Posted to user@tika.apache.org by Markus Jelsma <ma...@openindex.io> on 2012/02/07 16:58:48 UTC

Using BP ImageExtractor

Hi,

For Apache Nutch we'd like to see if we can use Boilerpipe to extract a 
meaningful image for a given document. The BP API provides a method to return 
a set of images for a given TextDocument object and an extractor.

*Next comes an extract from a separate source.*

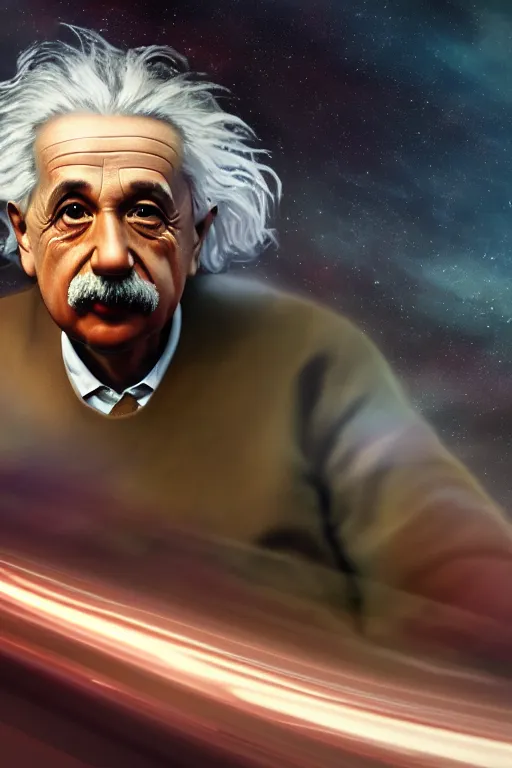 Image similar to intricate color photo of albert einstein travelling faster than light, 8 k octane beautifully detailed render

Tika does not return us a TextDocument object after parsing so it seems i 
cannot use the API with Tika as-is. 

Right now Nutch is about to use the TeeContentHandler for retrieving 
hyperlinks of the whole document plus parsed content by Boilerpipe (this will 
be committed when we upgrade to Tika 1.1). Is there an easy way to use that 
ImageExtractor with Tika? If so, how and if not, what can we do?

Thanks

Re: Using BP ImageExtractor

Posted by Markus Jelsma <ma...@openindex.io>.

Hi,

We build both BP and Tika from trunk for usage in Nutch. However, i am unsure 
how to use BP's ImageExtractor with Tika's API's. BP's API asks for a 
TextDocument object which we don't have. Is there another API i am unaware of 
we can use with Tika's TeeContentHandler? Or do you happen to have some 
example for this?
We can succesfully extract images with BP standalone but we need to do it with 
Tika.

Thanks

> I've used BP for this purpose.
> You need to build from trunk.
> 
> --
> Dotan, @jondot <http://twitter.com/jondot>
> 
> On Tue, Feb 7, 2012 at 5:58 PM, Markus Jelsma 
<ma...@openindex.io>wrote:
> > Hi,
> > 
> > For Apache Nutch we'd like to see if we can use Boilerpipe to extract a
> > meaningful image for a given document. The BP API provides a method to
> > return
> > a set of images for a given TextDocument object and an extractor.
> > 
> > Tika does not return us a TextDocument object after parsing so it seems i
> > cannot use the API with Tika as-is.
> > 
> > Right now Nutch is about to use the TeeContentHandler for retrieving
> > hyperlinks of the whole document plus parsed content by Boilerpipe (this
> > will
> > be committed when we upgrade to Tika 1.1). Is there an easy way to use
> > that ImageExtractor with Tika? If so, how and if not, what can we do?
> > 
> > Thanks

Re: Using BP ImageExtractor

Posted by "Dotan N." <di...@gmail.com>.

I've used BP for this purpose.
You need to build from trunk.

--
Dotan, @jondot <http://twitter.com/jondot>



On Tue, Feb 7, 2012 at 5:58 PM, Markus Jelsma <ma...@openindex.io>wrote:

> Hi,
>
> For Apache Nutch we'd like to see if we can use Boilerpipe to extract a
> meaningful image for a given document. The BP API provides a method to
> return
> a set of images for a given TextDocument object and an extractor.
>
> Tika does not return us a TextDocument object after parsing so it seems i
> cannot use the API with Tika as-is.
>
> Right now Nutch is about to use the TeeContentHandler for retrieving
> hyperlinks of the whole document plus parsed content by Boilerpipe (this
> will
> be committed when we upgrade to Tika 1.1). Is there an easy way to use that
> ImageExtractor with Tika? If so, how and if not, what can we do?
>
> Thanks
>